* Supplied data
-.-.-

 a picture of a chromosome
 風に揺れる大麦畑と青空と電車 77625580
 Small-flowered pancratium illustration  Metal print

-.-.-

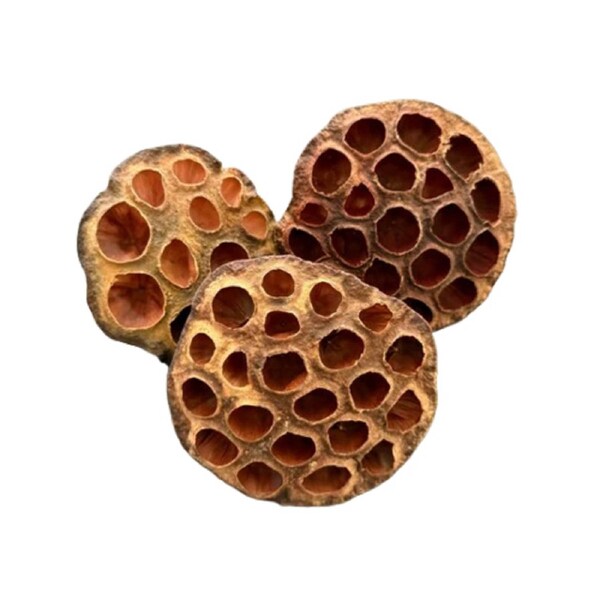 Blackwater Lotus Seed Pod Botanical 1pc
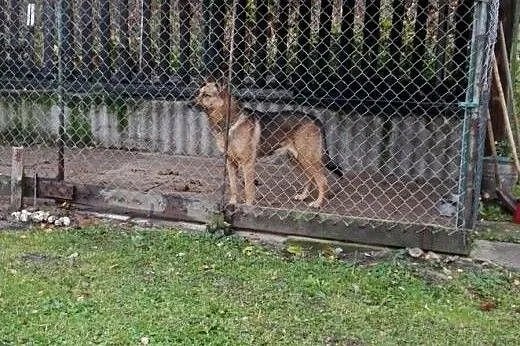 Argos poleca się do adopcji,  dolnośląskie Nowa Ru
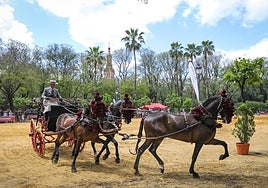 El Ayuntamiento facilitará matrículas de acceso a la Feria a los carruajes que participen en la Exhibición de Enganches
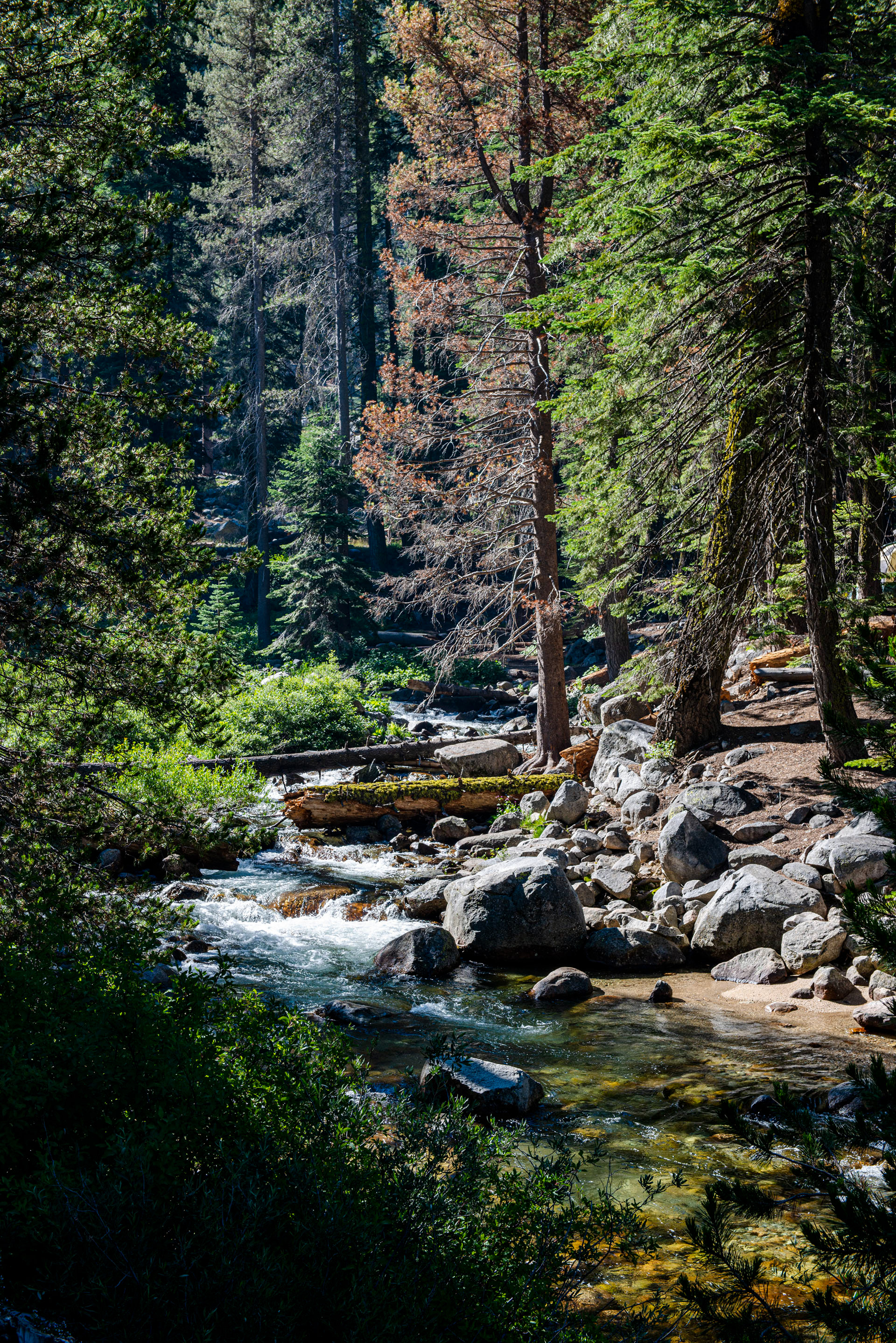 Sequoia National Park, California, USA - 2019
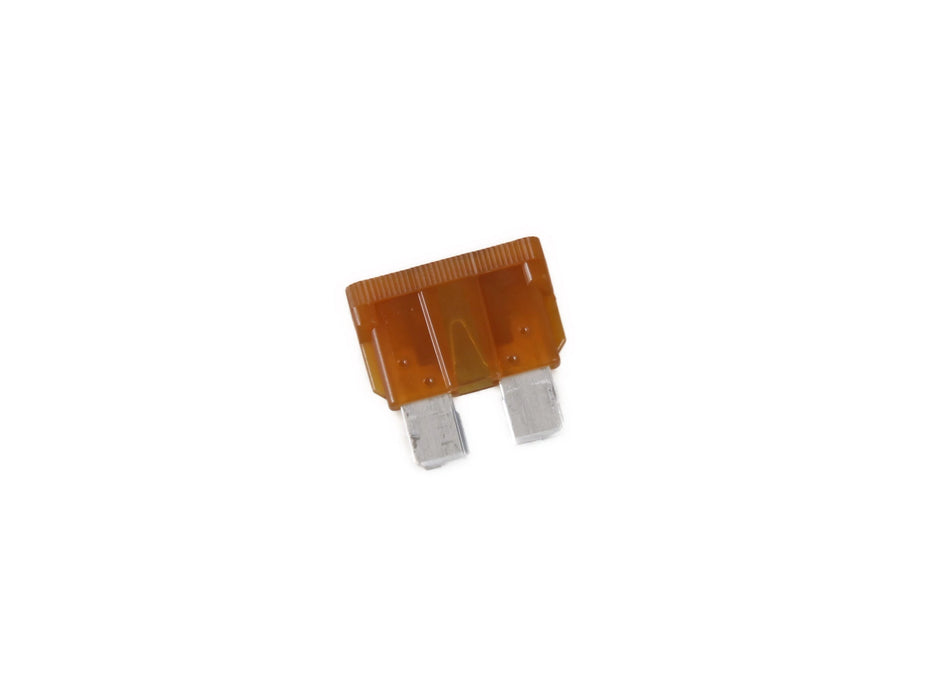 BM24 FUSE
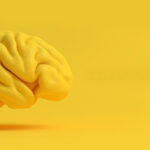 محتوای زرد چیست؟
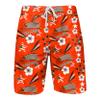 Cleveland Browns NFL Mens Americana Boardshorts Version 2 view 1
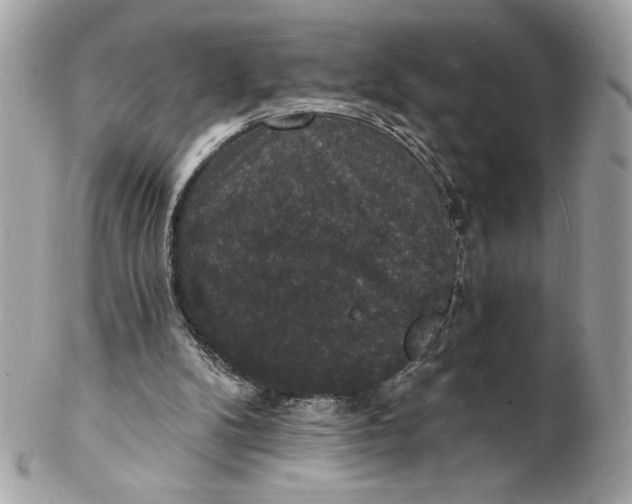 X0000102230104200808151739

-.-.-

* Work required
Quote the data above from the line containing "風に揺れる大麦畑と青空と電車 77625580" to the line containing "Small-flowered pancratium illustration", inclusive, and stop.

* Exercise answer
 風に揺れる大麦畑と青空と電車 77625580
 Small-flowered pancratium illustration  Metal print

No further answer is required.